One could logically argue that the Melian Dialogue, which takes place in Book V, Chapter XVII, of The History of the Peloponnesian Wars, by Thucydides, does validate the realist position. The Realist school of thought with respect to international relations posits that nations act in their self-interest, rather than out of any altruistic motives. When Thucydides wrote the Melian Dialogue, he was illustrating the disparate motivations that influence or dictate policy. The overwhelming strength of Athens relative to the tiny Spartan island of Melos presented such a disparity in power that the former was able to dictate terms to the latter without fear of consequences. The Melians, in contrast, can only appeal to altruistic sentiments across the negotiating table that simply don't exist. The following two quotes from the Athenian delegation provide a very good example of this element of the Realist school:
". . .you know as well as we do that right, as the world goes, is only in question between equals in power, while the strong do what they can and the weak suffer what they must."

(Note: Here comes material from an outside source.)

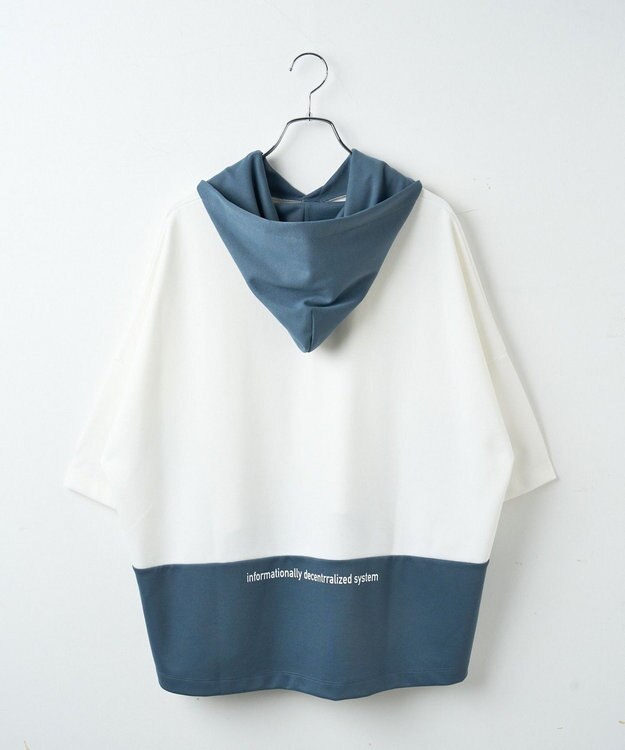 WEGO ドルマンポンチフードT（S） ブルー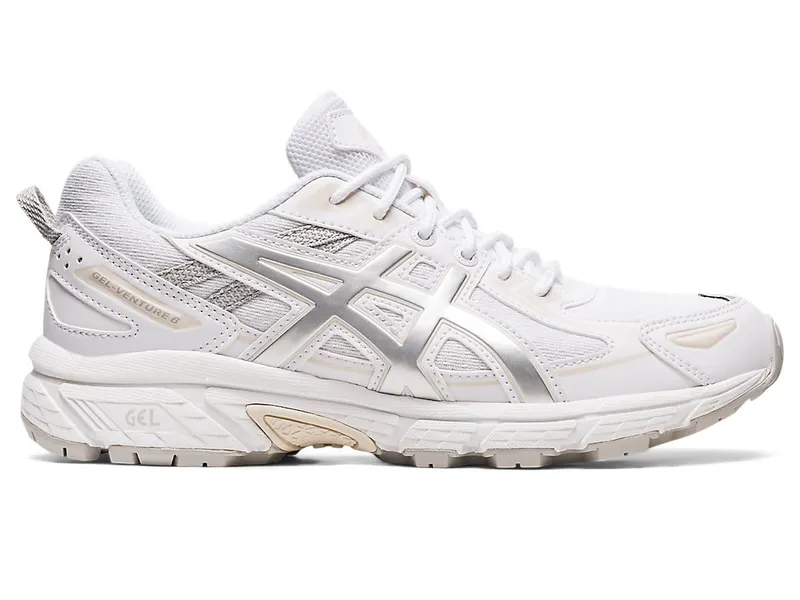 Asics GEL-VENTURE 6 White/White (1202A431.100)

"You, by giving in, would save yourselves from disaster; we, by not destroying you, would be able to profit from you."
These passages from the Dialogue are considered seminal examples of realism, followed perhaps most significantly by the writings of Niccolo Machiavelli. While both the Melian Dialogue and Machiavelli's The Prince are products of the authors' observations and experiences, neither one in and of itself validates a school of thought. Taken together, they illustrate the prevalence of a certain theory of international relations in practice, which does serve to validate the realist position.